In China, disagreement with the government and the national myth becomes treasonous by virtue of extending the “Century of Humiliation,” yet another property of Eco’s definition. Protesters in Hong Kong were smeared as “CIA moles” by much of Chinese media because, in their eyes, rejecting the government only continues China’s humiliation by the West – and therefore there is no reason why a Chinese citizen will reject the government unless they are disloyal.
This idea of national humiliation that is prolonged and furthered by Western infiltration has lead to “an Obsession with Plot”, much like the “Stab-in-the-Back” myth of Nazi Germany. This has led to a surge in “statist” jurists who support an expansive view of state authority that prioritises stability of the nation above all else, for external threats cannot be properly defended against otherwise. Statists have been heavily influenced by the work of Carl Schmitt, Hitler’s “Crown Jurist”, who articulated very similar views that sought to defend against a supposed “plot” against the German state and people. This has justified dystopian surveillance infrastructure and methods, such as the social credit system, in addition to the ongoing persecution and genocide of minorities such as the Uighurs. National security, in their eyes, must be prioritised above all else.

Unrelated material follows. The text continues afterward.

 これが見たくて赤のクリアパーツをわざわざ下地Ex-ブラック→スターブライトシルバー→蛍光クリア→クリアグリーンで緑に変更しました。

Pulling back the red veneer of China’s government lays bare a dark reality: that the world’s second superpower is a fascist one. We can no longer treat China as a remnant of the Cold War, the Soviet Union that could have been. The policy of “national rejuvenation” is setting China on a collision course between America and itself, for the tacit goals of the Chinese government cannot be achieved without significant concessions that would significantly diminish America’s global standing. America may pursue its own imperial agenda but it is certainly the preferable superpower to China, given its somewhat flawed yet broadly democratic institutions. War is not an inevitability and fascist domination can still be countered – after all, America still overshadows China when it comes to global power. We cannot, however, continue to delude ourselves that China is an amicable business partner in pursuit of mutual benefit.